» **TASK OBJECTIVE**: Restate, word for word and with nothing added, the lines from the one containing "תמונה 5 Massey" through the last line of the material below.

» **DATA RECORDS**:
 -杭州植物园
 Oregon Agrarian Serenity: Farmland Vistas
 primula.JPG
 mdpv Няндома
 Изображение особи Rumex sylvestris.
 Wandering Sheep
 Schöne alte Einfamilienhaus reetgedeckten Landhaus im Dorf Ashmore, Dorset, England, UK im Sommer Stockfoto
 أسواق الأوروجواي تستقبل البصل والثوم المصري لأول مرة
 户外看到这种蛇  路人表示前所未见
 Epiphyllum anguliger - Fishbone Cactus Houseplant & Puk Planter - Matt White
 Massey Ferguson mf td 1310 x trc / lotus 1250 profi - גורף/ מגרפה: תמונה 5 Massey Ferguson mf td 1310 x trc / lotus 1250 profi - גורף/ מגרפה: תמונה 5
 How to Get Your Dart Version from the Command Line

» **SOLVED EXERCISE**:
 Massey Ferguson mf td 1310 x trc / lotus 1250 profi - גורף/ מגרפה: תמונה 5 Massey Ferguson mf td 1310 x trc / lotus 1250 profi - גורף/ מגרפה: תמונה 5
 How to Get Your Dart Version from the Command Line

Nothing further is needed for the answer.